## Short text fragments from websites
________________________________________

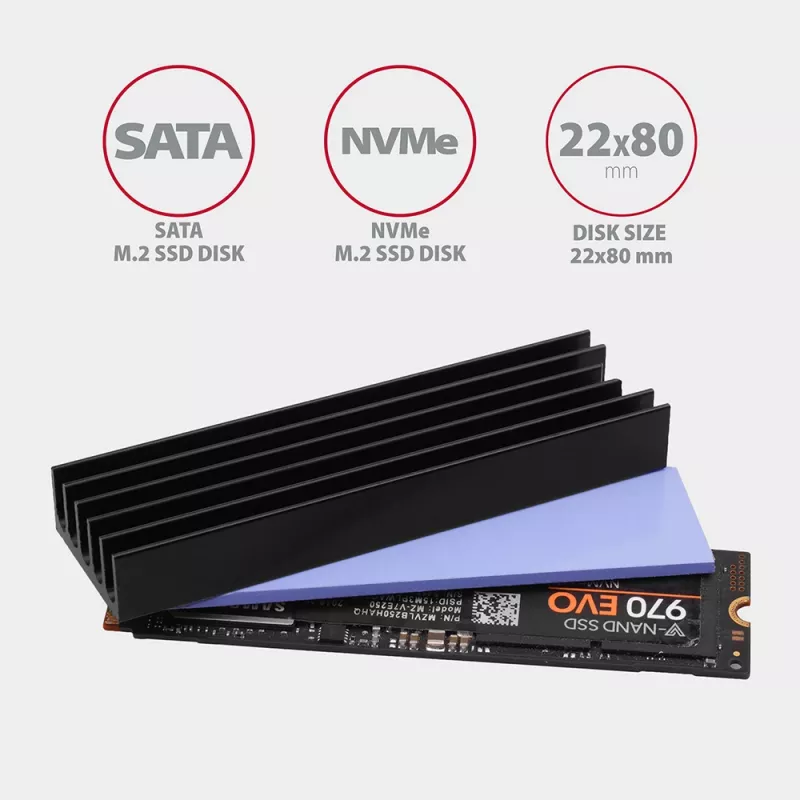 Dissipatore passivo in alluminio Axagon CLR-M2L10 per tutti gli SSD M.2, formato 2280, altezza 10 mm.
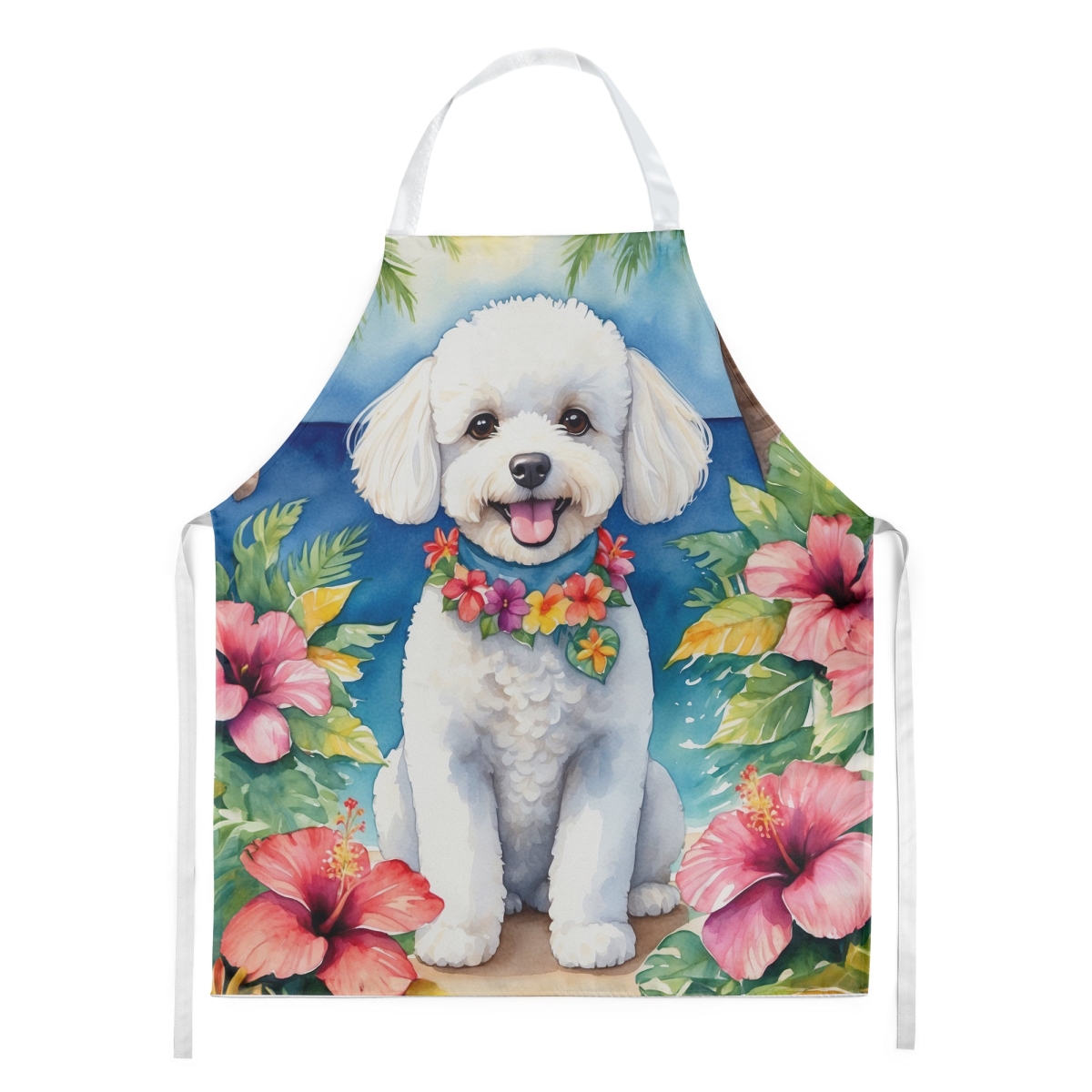 Picture of Carolines Treasures DAC6372APRON 30 x 27 in. Bichon Frise Luau Apron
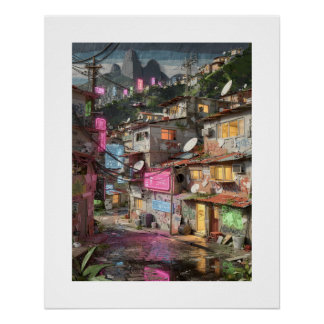 Futuristisches Rio de Janeiro Tages Neon Favela St Poster
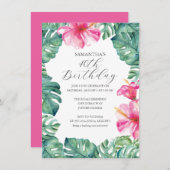 Invitation Fleurs roses tropicales 40e anniversaire Invitatio (Devant / Derrière)
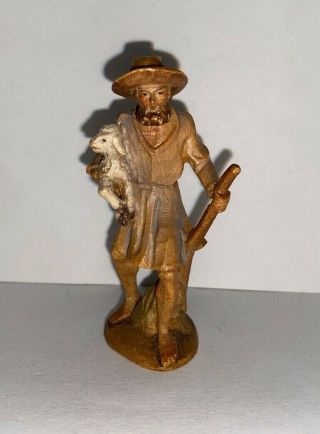 Anri Wood Carving Figurine Shepherd With Sheep Stick Nativity Italy Aa N516 Qq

________________________________________

## Your goal
With the pictures left out, give again exactly the lines from the one with "Invitation Fleurs roses" through the end of the data, both included.

## Solution to this problem
 Invitation Fleurs roses tropicales 40e anniversaire Invitatio (Devant / Derrière)
 Anri Wood Carving Figurine Shepherd With Sheep Stick Nativity Italy Aa N516 Qq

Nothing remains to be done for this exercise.